Normandie : une commune de l'Eure théâtre de violences depuis une semaine, le maire enfariné

Normandie : une commune de l'Eure théâtre de violences depuis une semaine, le maire enfariné©Google Street View (photo d'illustration)

publié le dimanche 12 septembre 2021 à 11h44

Dans l'Eure, Val-de-Reuil fait face à des tensions importantes depuis plusieurs jours. Samedi 11 septembre, la mairie a été envahie et le premier édile a été enfariné, rapporte France Bleu.

Ce dernier dénonce les violences et l'instrumentalisation des faits.

C'est une situation particulièrement tendue et préoccupante qui se déroule depuis quelques jours dans la commune de Val-de-Reuil (Eure). Cette dernière, ville nouvelle créée dans les années 1960, compte quelque 13.000 habitants et se situe à une trentaine de kilomètres de Rouen. Des tensions règnent ces derniers temps, mais le paroxysme a été atteint, samedi 11 septembre, relate France Bleu. Alors qu'un rassemblement était organisé par la ligue de défense noire africaine devant la mairie, agglomérant entre 100 et 200 personnes, une trentaine d'individus a pénétré dans les lieux. Le maire PS de la ville, Jean-Antoine Jamet, a dénoncé des scènes de chaos sur Twitter, alors qu'il a été bousculé et enfariné, précise le média local.

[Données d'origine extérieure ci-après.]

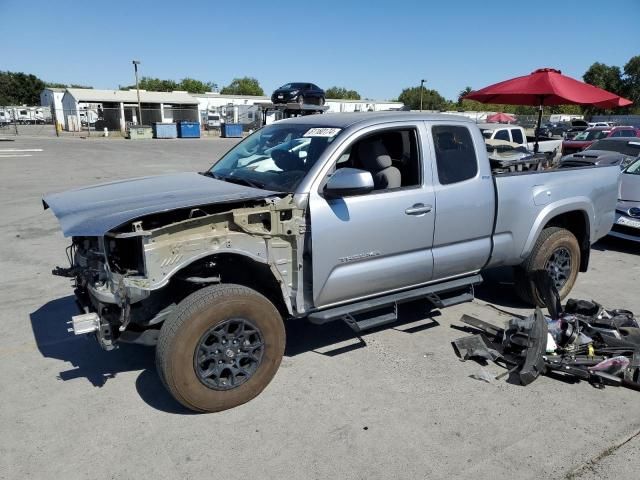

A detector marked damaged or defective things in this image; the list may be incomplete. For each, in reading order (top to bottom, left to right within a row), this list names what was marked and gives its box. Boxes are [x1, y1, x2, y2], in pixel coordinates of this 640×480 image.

crumpled hood [42, 172, 278, 237]
damaged silver truck [42, 110, 616, 410]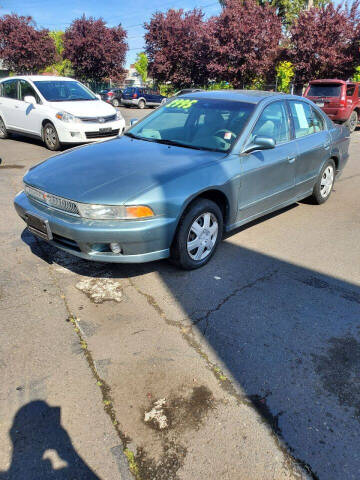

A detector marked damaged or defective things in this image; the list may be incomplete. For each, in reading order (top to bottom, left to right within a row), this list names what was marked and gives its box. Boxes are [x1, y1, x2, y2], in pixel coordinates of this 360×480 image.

cracked pavement [0, 113, 358, 480]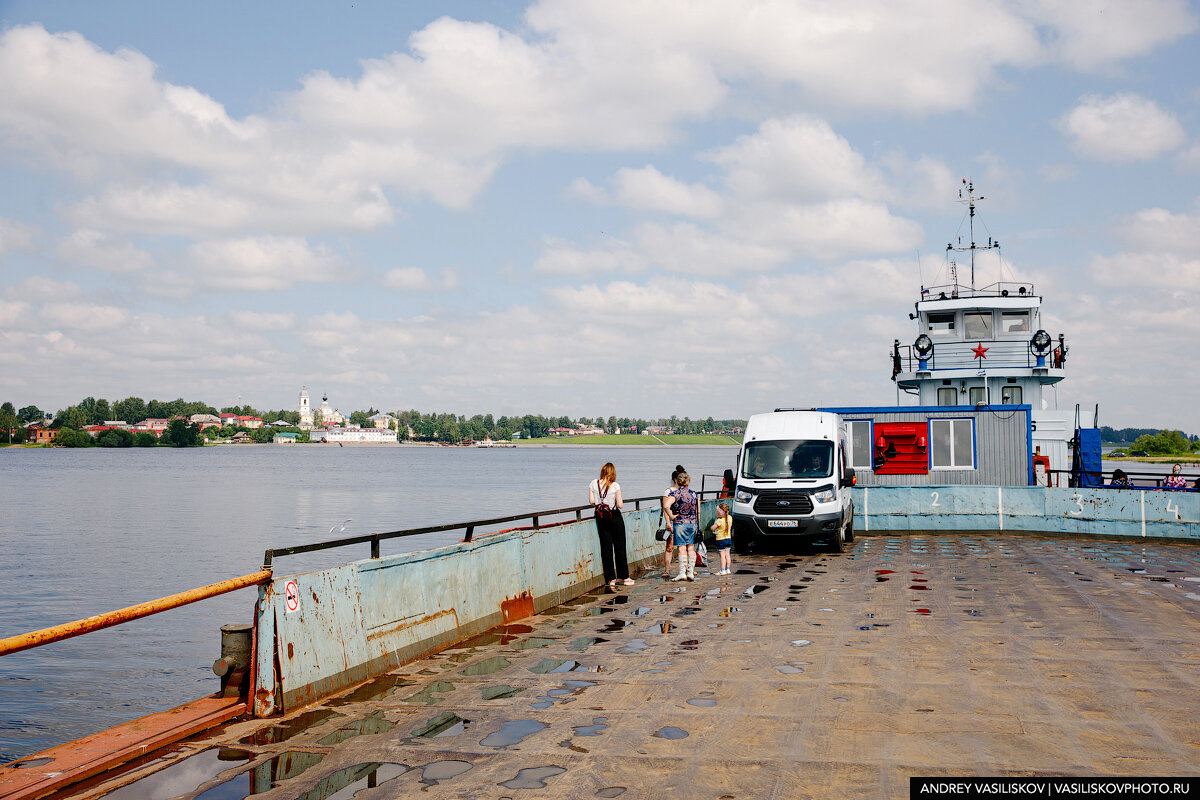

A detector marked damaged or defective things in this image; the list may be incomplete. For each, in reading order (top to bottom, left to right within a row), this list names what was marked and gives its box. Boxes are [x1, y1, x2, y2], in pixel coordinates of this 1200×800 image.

Une manifestation du PKK non autorisée

Une succession d'événements ont progressivement mis le feu aux poudres. Dimanche 5 septembre, deux enfants d'une dizaine d'années se bagarrent. Les parents interviennent, mais d'autres personnes s'en mêlent, notamment d'origines africaines et kurdes. Les tensions et les provocations se sont poursuivies le lendemain, en dépit de l'intervention de la police et des CRS dans le quartier, pour pacifier les lieux. Mardi 7 septembre, une manifestation non autorisée du PKK (Parti des travailleurs du Kurdistan) s'est tenue. "Je suis intervenu pour condamner les agités du PKK et les agitateurs de l'extrême droite, leurs récupérations, la violence et le racisme, la menace sur nos projets que font peser ceux qui nous divisent, a expliqué Jean-Antoine Jamet sur Twitter. Ce sont des insultes. Ce sont des injures. Ce sont des menaces. Il s'agissait purement et simplement de provocations racistes."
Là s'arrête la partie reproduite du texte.